Reputation: 3
Am trying to get familiar with Apache beam Kafka IO and getting following error
Exception in thread "main" org.apache.beam.sdk.Pipeline$PipelineExecutionException: org.apache.kafka.common.errors.SerializationException: Size of data received by LongDeserializer is not 8
at org.apache.beam.runners.direct.DirectRunner$DirectPipelineResult.waitUntilFinish(DirectRunner.java:348)
at org.apache.beam.runners.direct.DirectRunner$DirectPipelineResult.waitUntilFinish(DirectRunner.java:318)
at org.apache.beam.runners.direct.DirectRunner.run(DirectRunner.java:213)
at org.apache.beam.runners.direct.DirectRunner.run(DirectRunner.java:67)
at org.apache.beam.sdk.Pipeline.run(Pipeline.java:317)
at org.apache.beam.sdk.Pipeline.run(Pipeline.java:303)
at com.andrewjones.KafkaConsumerExample.main(KafkaConsumerExample.java:58)
Caused by: org.apache.kafka.common.errors.SerializationException: Size of data received by LongDeserializer is not 8
Following is piece of code which reads messages from a kafka topic. Appreciate if you someone can provide some pointers.
public class KafkaConsumerJsonExample { static final String TOKENIZER_PATTERN = "[^\p{L}]+";
public static void main(String[] args) {
PipelineOptions options = PipelineOptionsFactory.create();
// Create the Pipeline object with the options we defined above.
Pipeline p = Pipeline.create(options);
p.apply(KafkaIO.<Long, String>read()
.withBootstrapServers("localhost:9092")
.withTopic("myTopic2")
.withKeyDeserializer(LongDeserializer.class)
.withValueDeserializer(StringDeserializer.class)
.updateConsumerProperties(ImmutableMap.of("auto.offset.reset", (Object)"earliest"))
// We're writing to a file, which does not support unbounded data sources.

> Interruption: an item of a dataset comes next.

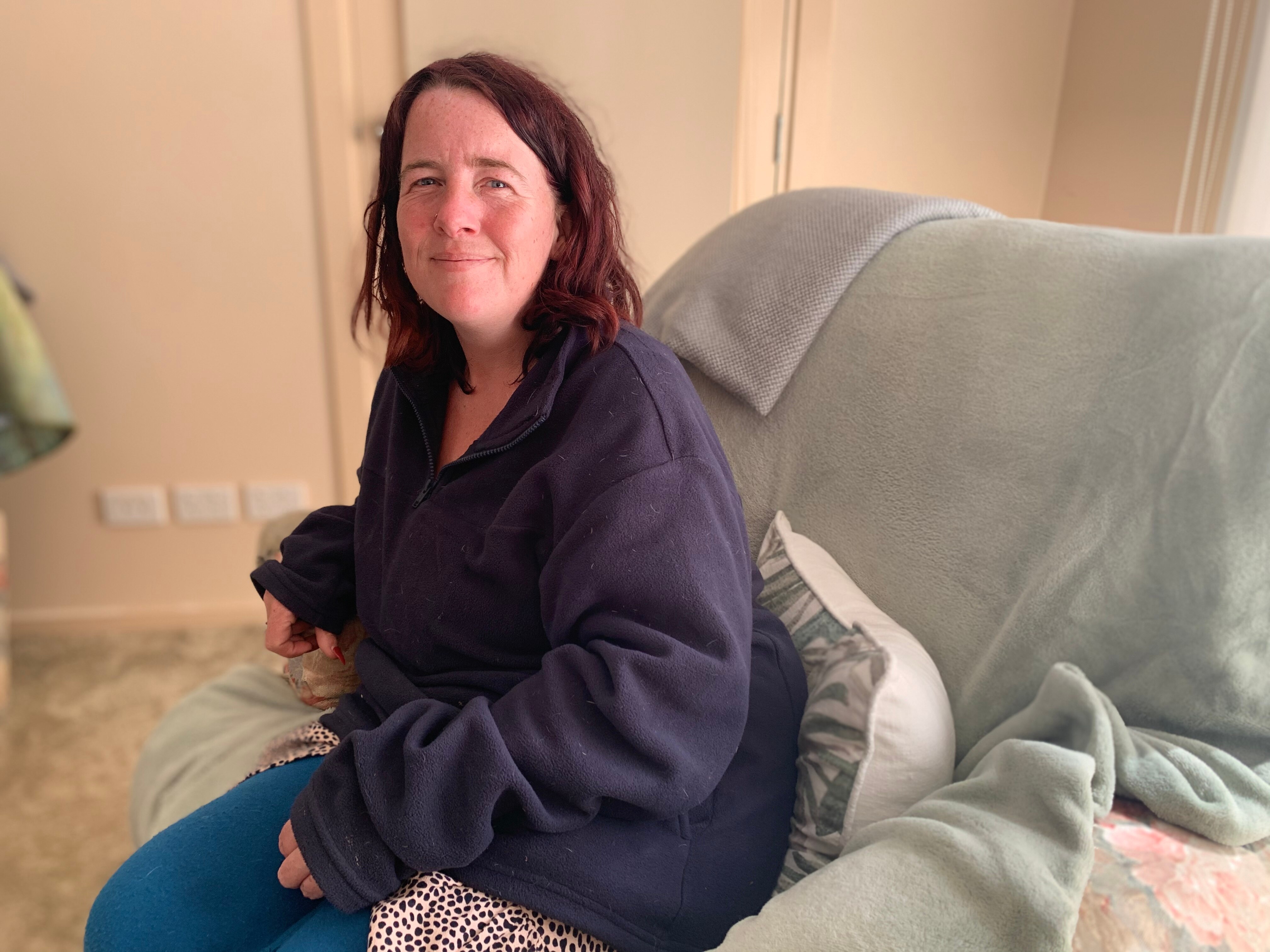 Hope, a woman in her mid 30s sits on a lounge chair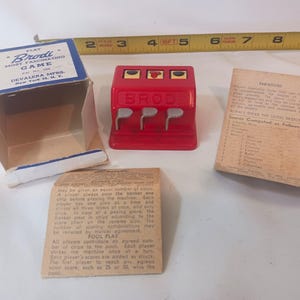 May include: A vintage Brodi game set, featuring a red slot machine-style game with three levers, a cardboard box, and instruction cards. The box is blue and white with the text "Brodi Most Fascinating Game". A yellow measuring tape is in the background.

This line makes it bounded to
// the first 5 records.
// In reality, we would likely be writing to a data source that supports unbounded data, such as BigQuery.
.withMaxNumRecords(5)
.withoutMetadata() // PCollection<KV<Long, String>>
)
.apply(Values.<String>create())
.apply(TextIO.write().to("wordcounts"));
System.out.println("running data pipeline");
p.run().waitUntilFinish();
}
}
Upvotes: 0
Views: 852
Reputation: 1443
The issue is caused by using LongDeserializer
for keys that seems were serialised by other serialiser than Long and it depends how you produced the records.
So, you either can use a proper deserializer or, if keys don't matter, as a workaround, try to use StringDeserializer
for keys as well.
Upvotes: 1